I destinatari sono sicuramente gli studenti. La passione, il dolore, il destino crudele e meschino di “Maria, quella vera” trasmettono un messaggio molto forte: l’esistenza umana è effimera, nessuno può sottrarsi alla morte, alla sofferenza; allo stesso tempo, però, nessuno può (e deve) sottrarsi alla bellezza di un sentimento così grande, la cui potenza è tale da annullare la propria identità e sconvolgere la propria personalità.

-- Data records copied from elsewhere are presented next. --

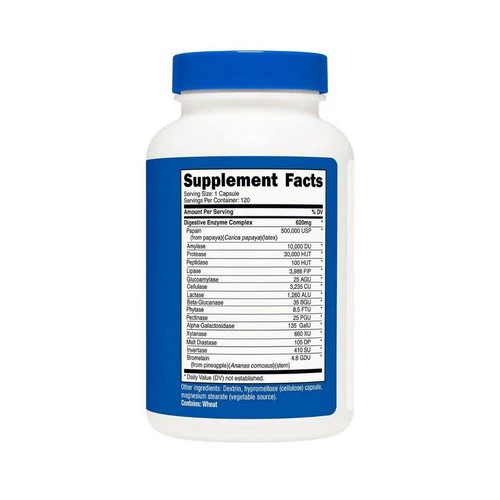 Digestive Enzyme Complex 120 Caps 335 Mg by Nutricost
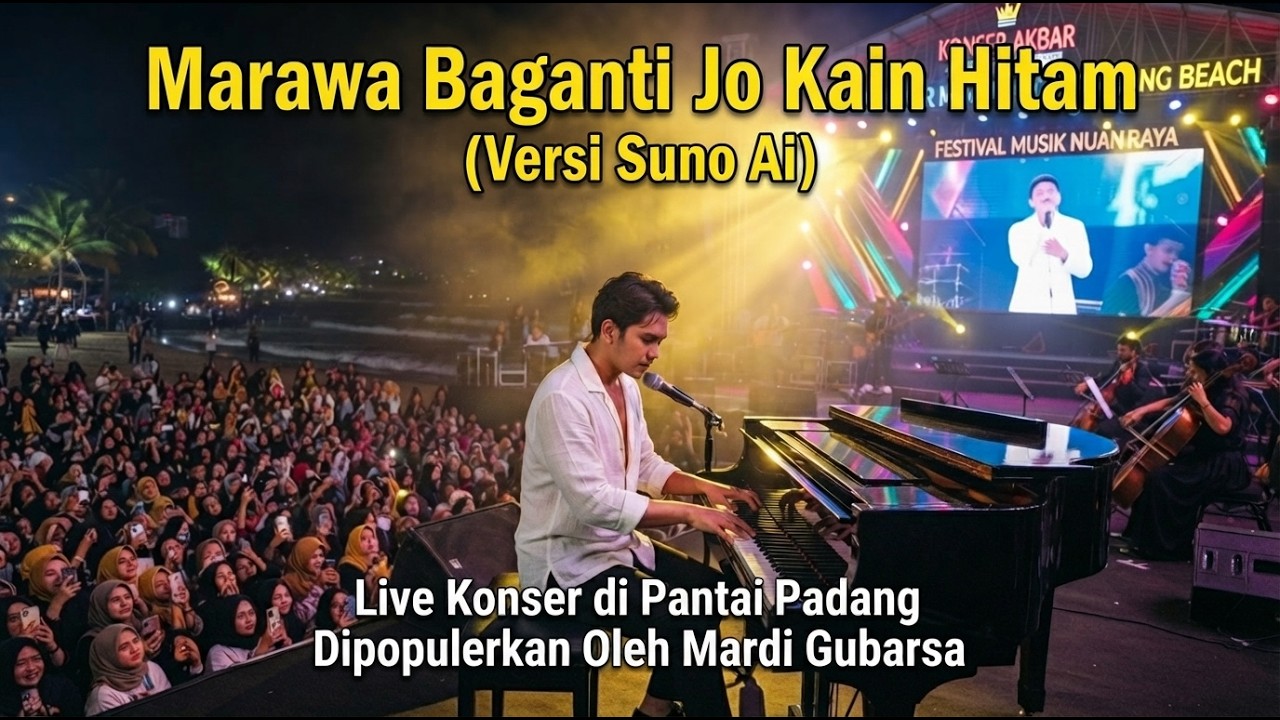 Marawa Baganti Jo Kain Hitam (Versi Suno AI) | Live Konser Di Pantai Padang | Lagu Minang Viral 2026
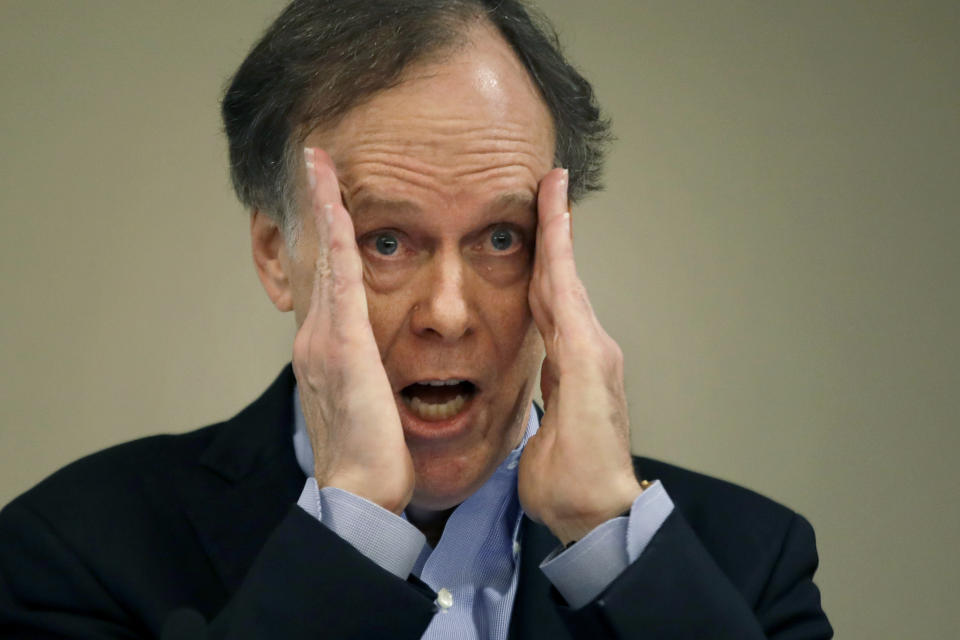 William G. Kaelin Jr. speaks at a news conference, Monday, Oct. 7, 2019, in Boston, after he was awarded the Nobel Prize for Physiology or Medicine. Kaelin, who teaches at Harvard Medical School, shares the prize with Peter J. Ratcliffe and Gregg L. Semenza for their discoveries of how cells sense and adapt to oxygen availability, the Nobel Committee announced Monday. (AP Photo/Elise Amendola)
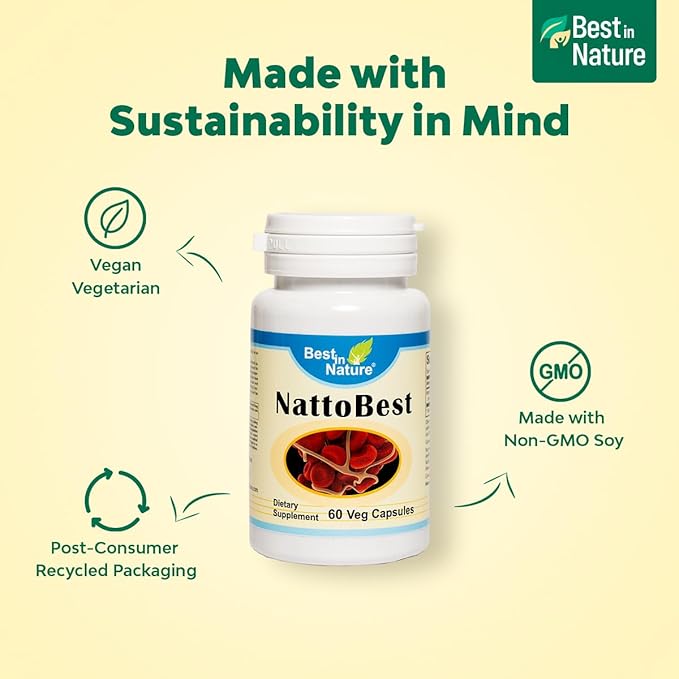 NattoBest™ - Supports Heart Health and Promotes Healthy Circulation with nattokinase an Enzyme Isolated from The Traditional Japanese Food natto. Created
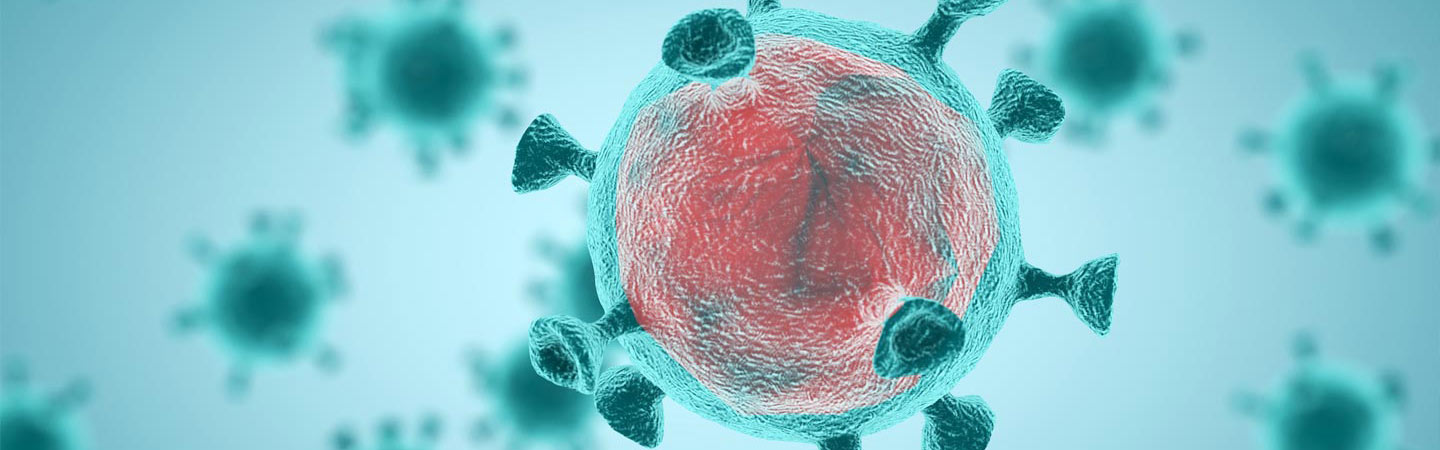 Virus image on a blue background
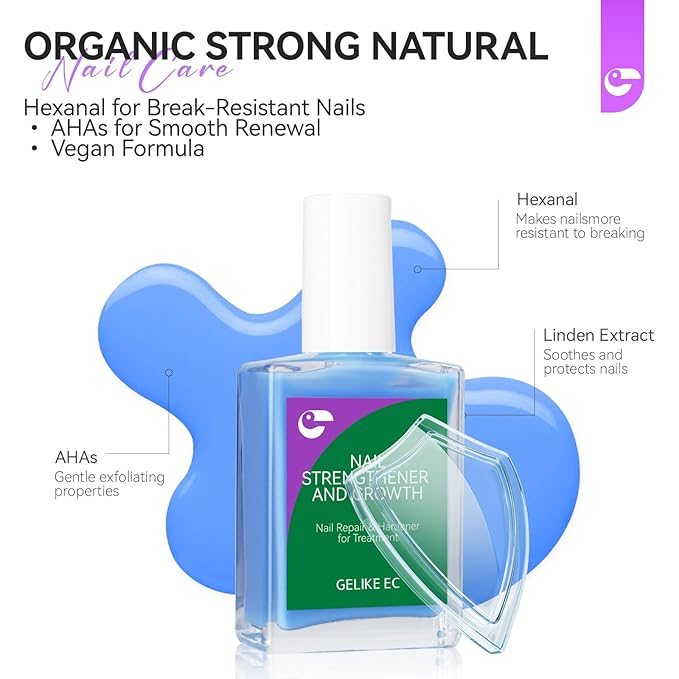 gelike ec Protein Nail Polish Strengthener and Growth: Azure Blue 15ml 6 in 1 Natural Nail Strengthener for Damaged Nails - Long Lasting Nail Hardener and Strengthener - For Daily Home Salon
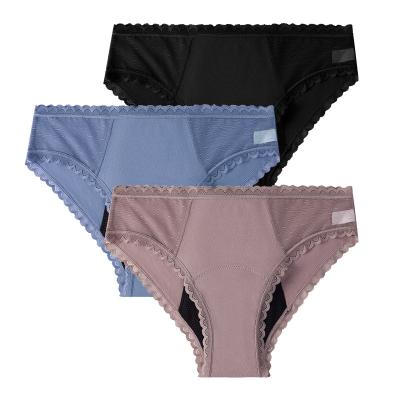 China New design lace cotton sexy panties antibacterial menstrual period panties 4 layer underpants lace up panties recycle boyleg for sale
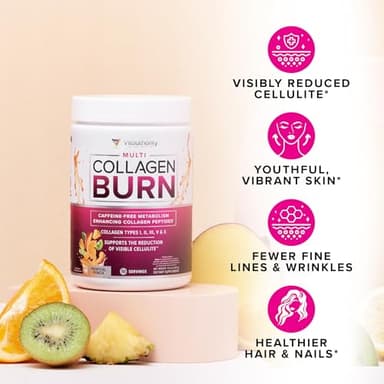 Multi Collagen Burn: MultiType Hydrolyzed Protein Peptides with Hyaluronic Acid, Vitamin C, SOD B Dimpless, Types I, II, III, V and X, with Caffeine 30 Servings Tropical Punch Flavored - Image 9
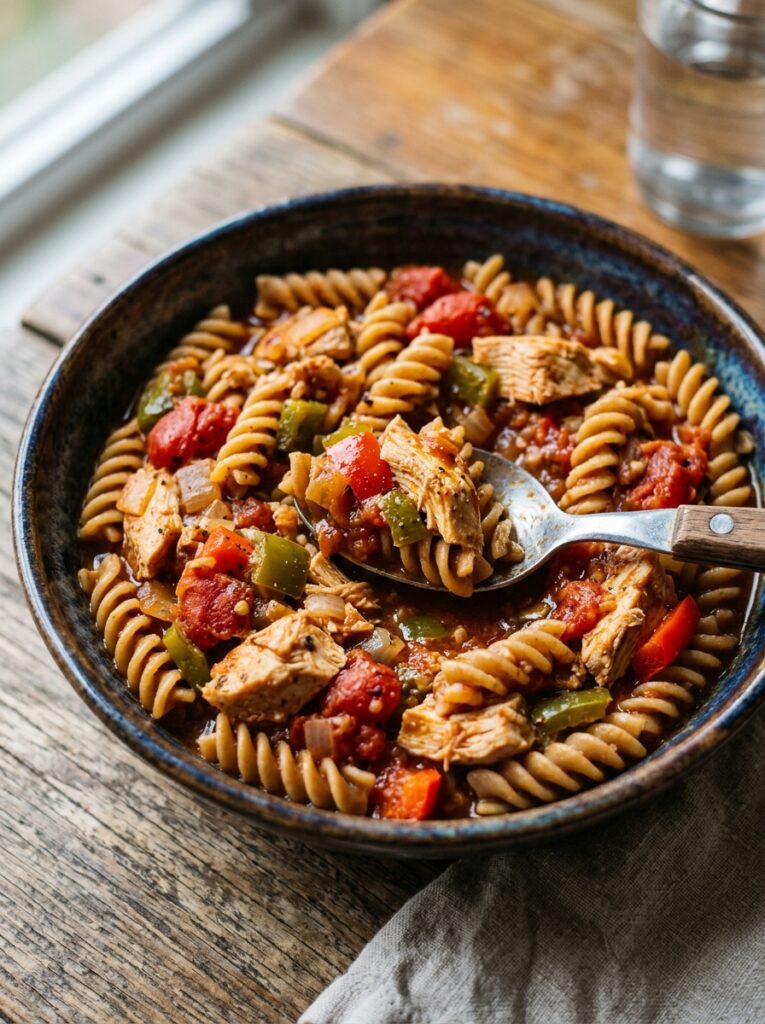 High Protein Chicken Chili Pasta Recipe 12 Chicken chili pasta 202604261415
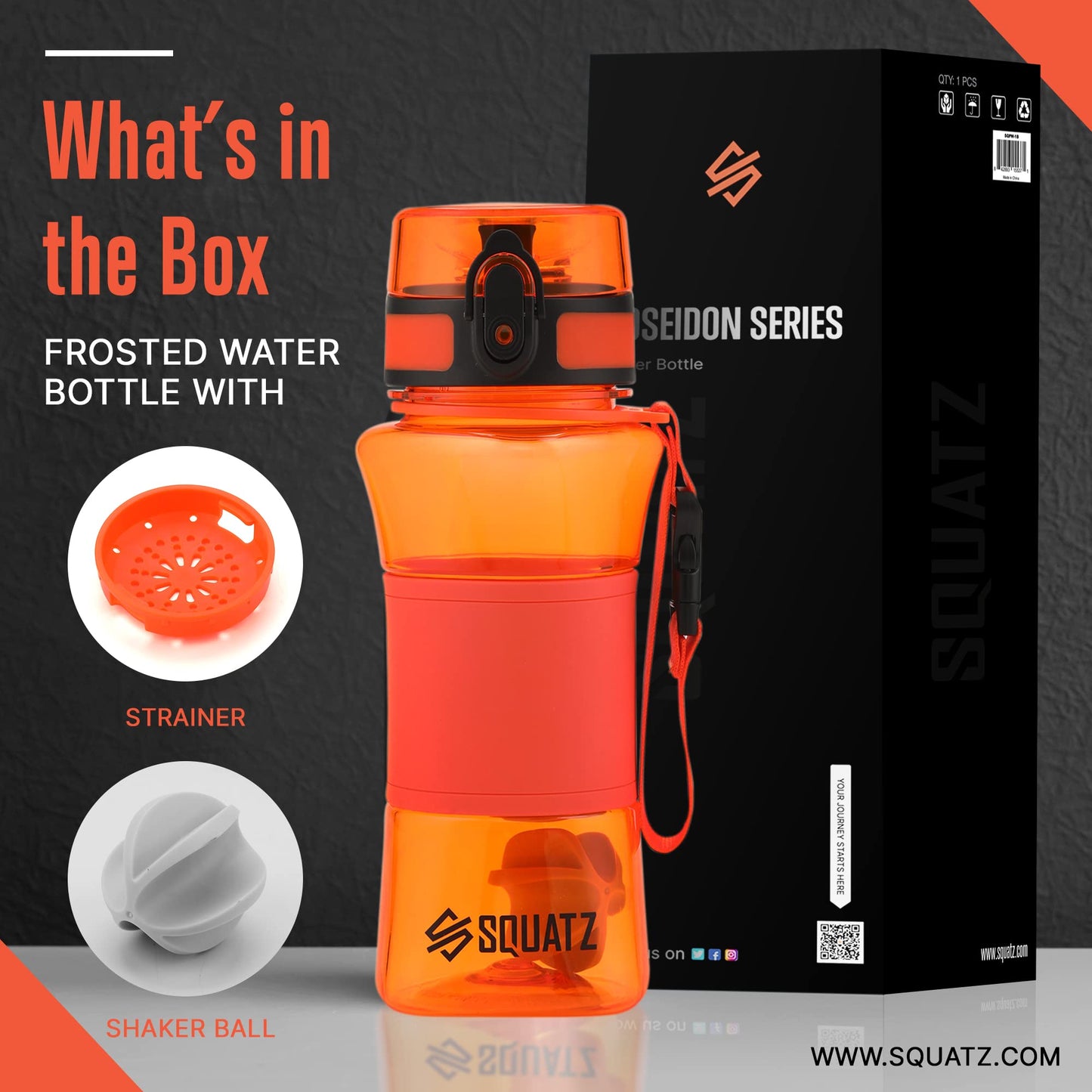 SQUATZ 17 Oz Poseidon Series Water Bottle for Protein and Fruit Shakes - Premium Quality Wide Mouth Gym Flask Fruit Infuser Strainer, Carrying Strap, Leak Resistance, No Condensation Sleeve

Dove non arriva la vita, lì ci arriva la musica, in questo caso creatrice di un’altra realtà, che non intende certamente cancellare l’episodio di cronaca, ma ridargli dignità, offrire l’occasione a noi spettatori di viverci la sventurata ragazza non come protagonista della tetra vicenda, ma in un’ideale dimensione di spensieratezza. Ed è proprio questa operazione effettuata da De Andrè che riesce a liberare le nostre menti in un transfert emotivo veramente intimo. Anche il fiordaliso, citato all’interno del brano, insiste sull’idea di leggerezza, dolcezza e felicità.
Il cortometraggio è stato girato in Calabria, tra il centro storico di Tortora e il fiume Noce. È stata fatta questa scelta perché solo i vicoli di chi è nato in questa terra e da questa terra è partito, avrebbero potuto raccontare una storia così profonda.
“Maria, quella vera” è tra i 5 finalisti dell’ I-Fest International Film Festival categoria Contest Orizzonti – Young Talents. La cerimonia di premiazione si svolgerà dall’8 al 18 Settembre a Castrovillari.
Chissà se quando Faber scriveva: “E come tutte le più belle cose…Vivesti solo un giorno, come le rose”, pensava davvero a Maria Boccuzzi. Quel che è certo è che, anche se non era rivolta a questa ragazza sfortunata, la ballata di De André le si addice perfettamente.